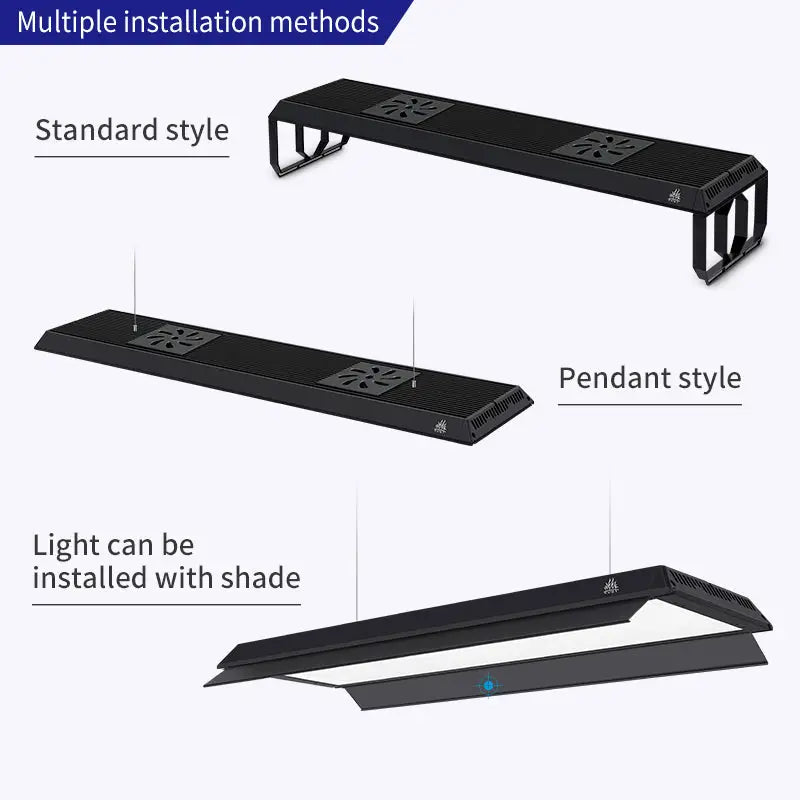 Week Aqua P Series High CRI LED Light | Aquatic Motiv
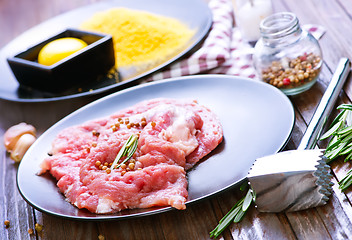 Image showing raw meat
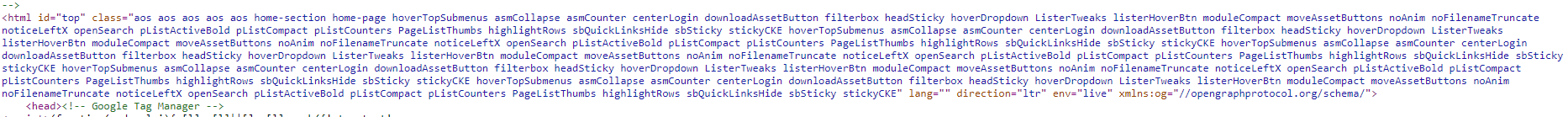 Bogus Duplicate Classes & Scripts are being Injected and in the and ...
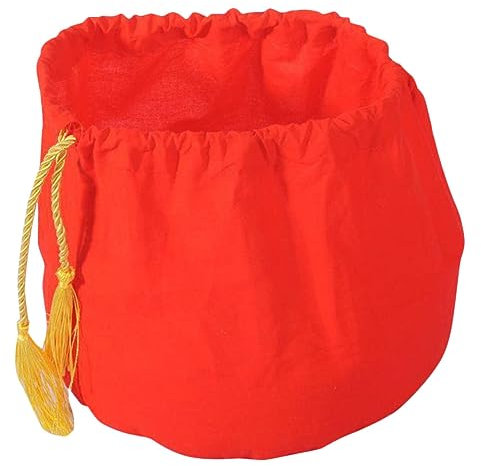 CIYODO Wine Jar Cover Cloth Pickle Jar Fabric Lid Sealing for Home Brewing and Preserving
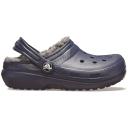 Crocs Classic Lined Clog K Blue Kids - 30-31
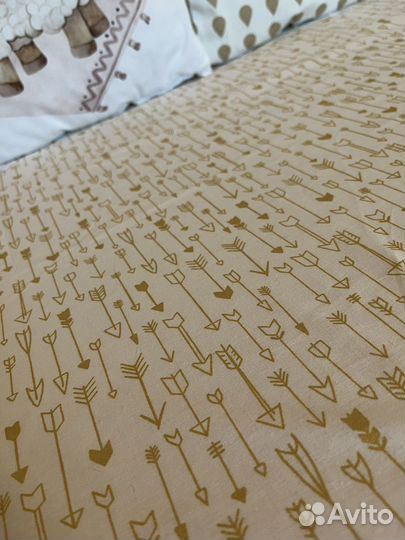 Бортики в кроватку новые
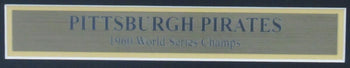Pirates 1960 World Series Champs The Pittsburgh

What the task requires:
Transcribe the whole of the data exactly, minus any pictures.

Response to this task:
 Week Aqua P Series High CRI LED Light | Aquatic Motiv
 Image showing raw meat
 Bogus Duplicate Classes & Scripts are being Injected and in the and ...
 CIYODO Wine Jar Cover Cloth Pickle Jar Fabric Lid Sealing for Home Brewing and Preserving
 Crocs Classic Lined Clog K Blue Kids - 30-31
 Бортики в кроватку новые
Pirates 1960 World Series Champs The Pittsburgh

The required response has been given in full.